Giles Smith's Thursday Thoughts

Reflecting on Rome, columnist and Chelsea fan Giles Smith weighs up the merits of the two celebrated days at this time of year, and he declares the winner…

 

One couldn’t help but notice a certain consistency across the newspapers' back-pages on Wednesday morning. ‘Roma Ruins’ was the headline on the Daily Mirror. ‘Roma Ruins,’ said the Daily Mail, in only slightly smaller print, while The Times went with ‘Conte’s Roman Ruins.’

I think we got the gist.

There was also a fairly strong shared theme in the sub-headings and opening paragraphs of the various match reports under those headlines: ‘Horror show,’ ‘Fright night,’ ‘Nightmare,’ ‘Hell of a night,’ etc.

Again, we see what they’re driving at.

Unedifying reading, no question. That said, I never really did like Halloween very much anyway, what with the tacky costumes, the constant ringing at the door, the endless buckets of Haribo and the losing 3-0 to Roma. Don’t mean to sound grouchy, but it’s always felt a bit artificially imported to me – somewhat shoehorned into the calendar for commercial purposes. I certainly can’t remember the year feeling any emptier back in the days when we didn’t really bother and when the night passed off perfectly normally, without a 3-0 Champions League defeat anywhere.

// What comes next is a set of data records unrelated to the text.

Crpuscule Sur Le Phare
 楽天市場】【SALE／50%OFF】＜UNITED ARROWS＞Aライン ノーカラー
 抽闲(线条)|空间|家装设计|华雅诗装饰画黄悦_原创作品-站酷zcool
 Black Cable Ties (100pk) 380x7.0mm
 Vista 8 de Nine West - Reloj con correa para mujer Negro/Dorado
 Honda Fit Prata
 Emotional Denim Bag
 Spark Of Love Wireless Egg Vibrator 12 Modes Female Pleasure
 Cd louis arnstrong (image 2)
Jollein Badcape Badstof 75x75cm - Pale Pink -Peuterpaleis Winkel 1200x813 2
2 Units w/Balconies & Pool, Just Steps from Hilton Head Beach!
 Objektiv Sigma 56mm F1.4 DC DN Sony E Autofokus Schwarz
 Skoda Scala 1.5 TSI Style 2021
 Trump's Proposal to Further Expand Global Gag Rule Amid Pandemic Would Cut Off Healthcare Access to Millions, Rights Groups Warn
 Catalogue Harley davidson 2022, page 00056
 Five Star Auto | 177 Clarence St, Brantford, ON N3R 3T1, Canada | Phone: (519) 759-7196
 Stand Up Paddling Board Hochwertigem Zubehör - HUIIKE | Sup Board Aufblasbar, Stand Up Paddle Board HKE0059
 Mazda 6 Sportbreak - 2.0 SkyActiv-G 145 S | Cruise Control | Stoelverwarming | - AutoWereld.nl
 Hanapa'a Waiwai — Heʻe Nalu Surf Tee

Anyway, next time anything like this happens, we need Prue Leith to step up, as she so emphatically did before the ‘Bake Off’ final, and, in a state of confusion about the time difference, tweet out the result in advance from Bhutan. That way we can at least be warned about what we’re in for, and know when to look away.

Like after 39 seconds, for instance, when Stephan El Shaarawy swung his foot at the ball from 25 yards out and undermined, no doubt, a number of good intentions; and in the 36th minute when Antonio Rudiger (and I guess there genuinely was a flavour of Halloween about this) didn’t realise there was someone scary (El Shaarawy again) behind him. And then it was 2-0 and all very chilling indeed.

Yet perhaps we ought not to forget that between the concession of a world-class goal and that split second of defensive confusion, there was more than half an hour of not merely acceptable but actually quite classy and rather dominant football. And one can play ifs-and-buts forever, but, truly, had Alvaro Morata not got underneath that shot when a ricochet left him one-on-one with the goalkeeper, or, a bit later, had Tiemoue Bakayoko’s header gone a couple of inches to the right… 


So, Roma ruins? That may have been a slight and irresistible exaggeration for poetic effect. I’m certainly not convinced, painful though the spectacle was at times (and for rather too much of the second half), that the entire, once glorious project of our 2017/18 season became a site of purely archaeological interest in the wince-inducing portions of those 90 minutes in Italy. It would take quite a bit more, surely, than one ragged performance midway through a Champions League group stage to bring that about. And we all know how the old saying goes: Rome wasn’t ruined in a day.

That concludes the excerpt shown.